Answer
$34.8^\circ$
Work Step by Step
The most important part of this problem is to sketch it very well so you are not confused by any given data.
The author here asks about $\theta_T$ (Target angle) in the figure below.
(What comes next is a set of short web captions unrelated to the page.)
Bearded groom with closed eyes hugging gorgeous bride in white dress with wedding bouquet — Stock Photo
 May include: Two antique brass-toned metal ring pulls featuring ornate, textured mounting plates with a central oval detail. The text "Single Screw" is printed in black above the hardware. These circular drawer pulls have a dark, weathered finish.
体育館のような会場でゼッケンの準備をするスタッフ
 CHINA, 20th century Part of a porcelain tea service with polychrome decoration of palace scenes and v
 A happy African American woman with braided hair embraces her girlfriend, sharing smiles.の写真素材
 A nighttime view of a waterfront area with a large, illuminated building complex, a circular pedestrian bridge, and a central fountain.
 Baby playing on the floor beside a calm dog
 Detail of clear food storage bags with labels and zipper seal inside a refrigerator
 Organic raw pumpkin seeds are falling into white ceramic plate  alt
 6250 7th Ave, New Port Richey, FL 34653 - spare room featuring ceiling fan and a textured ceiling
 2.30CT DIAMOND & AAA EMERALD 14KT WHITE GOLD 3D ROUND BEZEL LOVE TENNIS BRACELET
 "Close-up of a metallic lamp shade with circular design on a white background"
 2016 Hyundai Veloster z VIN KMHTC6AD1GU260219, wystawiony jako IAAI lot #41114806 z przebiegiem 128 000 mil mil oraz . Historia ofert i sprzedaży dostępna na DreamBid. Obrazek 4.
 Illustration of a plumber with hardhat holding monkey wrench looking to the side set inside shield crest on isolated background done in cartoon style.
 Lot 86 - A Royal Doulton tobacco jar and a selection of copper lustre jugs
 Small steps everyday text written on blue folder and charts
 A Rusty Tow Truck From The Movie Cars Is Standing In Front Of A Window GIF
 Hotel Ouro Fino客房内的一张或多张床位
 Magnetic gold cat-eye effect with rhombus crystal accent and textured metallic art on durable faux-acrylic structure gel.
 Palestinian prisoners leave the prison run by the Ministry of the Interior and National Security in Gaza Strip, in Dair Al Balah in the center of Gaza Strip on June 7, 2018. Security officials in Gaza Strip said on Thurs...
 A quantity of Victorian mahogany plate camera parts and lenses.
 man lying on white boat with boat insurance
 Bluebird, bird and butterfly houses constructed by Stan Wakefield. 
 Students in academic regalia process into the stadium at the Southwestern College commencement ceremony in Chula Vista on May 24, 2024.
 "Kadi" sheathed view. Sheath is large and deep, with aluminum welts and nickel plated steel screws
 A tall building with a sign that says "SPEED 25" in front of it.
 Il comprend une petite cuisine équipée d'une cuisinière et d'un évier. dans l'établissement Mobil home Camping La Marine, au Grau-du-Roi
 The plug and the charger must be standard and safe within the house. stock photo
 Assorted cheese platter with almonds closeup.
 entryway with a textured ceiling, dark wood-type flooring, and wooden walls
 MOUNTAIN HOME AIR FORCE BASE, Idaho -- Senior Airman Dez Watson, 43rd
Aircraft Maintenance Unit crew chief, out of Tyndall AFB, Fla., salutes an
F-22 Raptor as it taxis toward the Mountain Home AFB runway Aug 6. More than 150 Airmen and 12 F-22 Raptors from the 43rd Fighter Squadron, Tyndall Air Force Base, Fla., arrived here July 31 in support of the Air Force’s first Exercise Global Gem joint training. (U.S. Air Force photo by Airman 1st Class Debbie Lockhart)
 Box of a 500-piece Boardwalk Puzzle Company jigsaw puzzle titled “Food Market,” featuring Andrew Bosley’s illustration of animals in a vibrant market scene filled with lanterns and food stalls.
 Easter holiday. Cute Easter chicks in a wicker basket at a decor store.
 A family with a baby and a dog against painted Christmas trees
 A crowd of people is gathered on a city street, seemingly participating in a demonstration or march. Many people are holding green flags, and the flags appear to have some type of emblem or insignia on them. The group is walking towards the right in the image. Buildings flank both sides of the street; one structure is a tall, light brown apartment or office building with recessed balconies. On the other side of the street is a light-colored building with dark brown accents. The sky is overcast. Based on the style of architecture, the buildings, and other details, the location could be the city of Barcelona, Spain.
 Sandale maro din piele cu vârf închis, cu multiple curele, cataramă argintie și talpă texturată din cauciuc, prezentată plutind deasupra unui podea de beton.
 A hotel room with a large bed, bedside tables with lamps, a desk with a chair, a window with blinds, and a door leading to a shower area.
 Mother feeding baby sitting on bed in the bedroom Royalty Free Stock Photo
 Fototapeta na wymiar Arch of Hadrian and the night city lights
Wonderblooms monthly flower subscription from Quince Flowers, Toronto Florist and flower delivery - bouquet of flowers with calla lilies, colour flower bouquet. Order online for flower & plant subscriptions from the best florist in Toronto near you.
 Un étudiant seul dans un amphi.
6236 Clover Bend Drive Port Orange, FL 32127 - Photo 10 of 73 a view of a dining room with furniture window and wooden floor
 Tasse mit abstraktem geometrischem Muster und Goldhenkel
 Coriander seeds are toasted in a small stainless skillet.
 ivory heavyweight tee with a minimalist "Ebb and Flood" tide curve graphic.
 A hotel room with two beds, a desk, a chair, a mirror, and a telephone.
We can see from the geometry of the figure below that
$$\theta_T=\tan^{-1}\left[ \dfrac{3\;\rm m}{\Delta x_1+\Delta x_2} \right]\tag 1$$
So we have to find $\Delta x_1$ and $\Delta x_2$
From the geometry of the figure below, we can see that
$$\theta_2=\bf 60^\circ$$
since it is the supplementary angle.
Also, we can see that
$$\tan30^\circ=\dfrac{2}{\Delta x_1}$$
Hence,
$$\Delta x_1=\dfrac{2\;\rm m}{\tan30^\circ}=\bf 2\sqrt{3}\;\rm m\tag 2$$
Now we can find $\theta_1$ by applying Snell's law,
$$n_1\sin\theta_1=n_2\sin\theta_2$$
where $_1$ refers to water and $_2$ refers to air.
Hence,
$$\theta_1=\sin^{-1}\left[ \dfrac{n_2\sin\theta_2}{n_1}\right]$$
Plugging the known;
$$\theta_1=\sin^{-1}\left[ \dfrac{(1.0)\sin60^\circ}{1.33}\right]$$
$$\theta_1=\bf 40.63^\circ$$
Now we can see that
$$\tan(90^\circ -\theta_1)=\dfrac{1\;\rm m}{\Delta x_2}$$
Hence,
$$\Delta x_2=\dfrac{1\;\rm m}{\tan49.37^\circ}=\bf 0.858\;\rm m\tag 3$$
Now we need to plug (2) and (3) into (1),
$$\theta_T=\tan^{-1}\left[ \dfrac{3\;\rm m}{2\sqrt{3} \;\rm m+0.858\;\rm m} \right]=\color{red}{\bf 34.8^\circ}$$
So you should fire the spear at an angle of about 35$^\circ$ below the horizontal.